How many pairs between HUMAN and ARATH?
print("There are {} pairs of orthologs between {} and {}.".format(len(df), genome1, genome2))
> There are 12792 pairs of orthologs between HUMAN and ARATH.
What percentage is this of the human genome? What percentage of the Arabidopsis genome? To answer this we need to 1) Get the number of genes in each genome that this represents, because there can be more than 1 pair of orthologs per gene. 2) We also need to get the total number of genes per genome.
First we get the number of genes for each species that has at least one ortholog, using the dataframe from above. We don’t have to worry about alternative splic variants (ASVs) because OMA chooses a representative isoform when computing orthologs.

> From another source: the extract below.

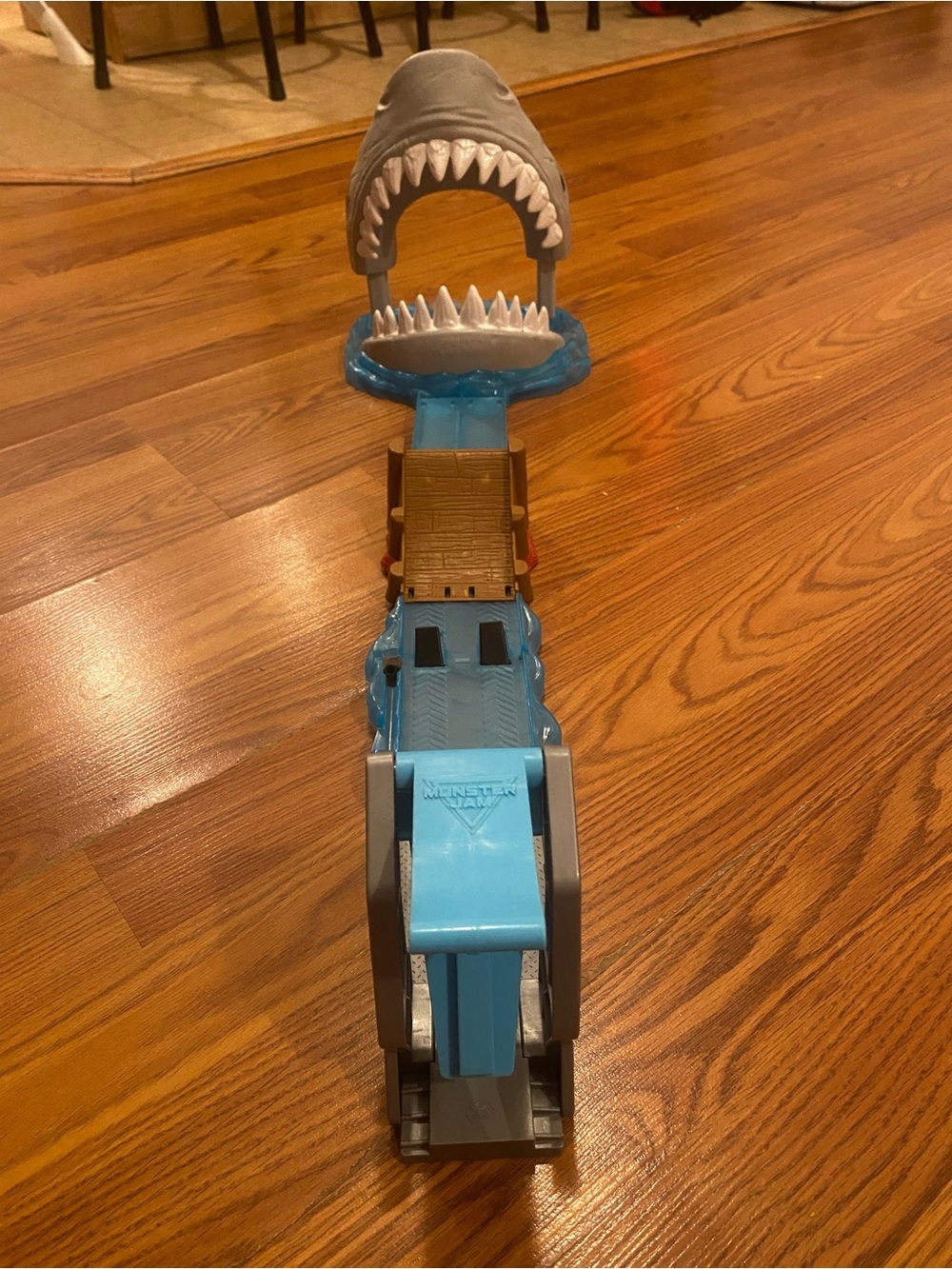 Monster Jam Megalodon Mayhem Stunt Set with a shark head obstacle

human_proteins_with_ortholog = set(df['HUMAN_omaid'].tolist())
print("There are {} genes in {} with at least 1 ortholog in {}.".\
format(len(human_proteins_with_ortholog), "HUMAN","ARATH"))

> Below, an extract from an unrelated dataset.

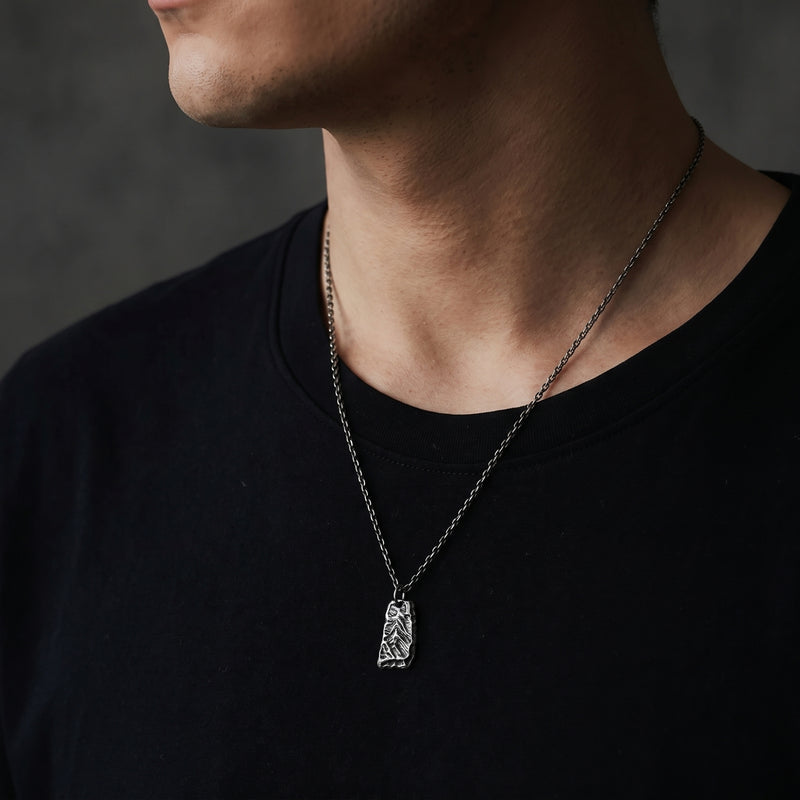 Side-angle view of a man wearing the textured silver pendant necklace over a black T-shirt.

arath_proteins_with_ortholog = set(df['ARATH_omaid'].tolist())
print("There are {} genes in {} with at least 1 ortholog in {}.".\
format(len(arath_proteins_with_ortholog), "ARATH","HUMAN"))
> There are 3769 genes in HUMAN with at least 1 ortholog in ARATH.

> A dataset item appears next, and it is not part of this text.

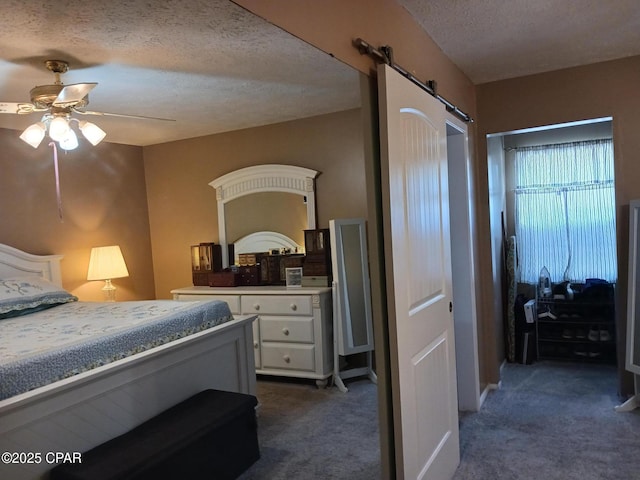 bedroom with a textured ceiling, ceiling fan, a barn door, and dark carpet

> There are 5177 genes in ARATH with at least 1 ortholog in HUMAN.
Get the genomes of HUMAN and ARATH
Now we will again use the API to get all the proteins in the genome. (See https://omabrowser.org/api/docs#genome-proteins). Here I will write a function using the same procedure as above to deal with pagination.
#Use the API to get all the human genes
def get_all_proteins(genome):
'''Gets all proteins using OMA REST API'''
responses = []
response = requests.get(api_url + '/genome/{}/proteins/'.format(genome))
total_nb_pages = round(int(response.headers['X-Total-Count'])/100)
for page in range(1, total_nb_pages + 1):
tmp_response = requests.get(api_url + '/genome/{}/proteins/'.format(genome)+"?page="+str(page))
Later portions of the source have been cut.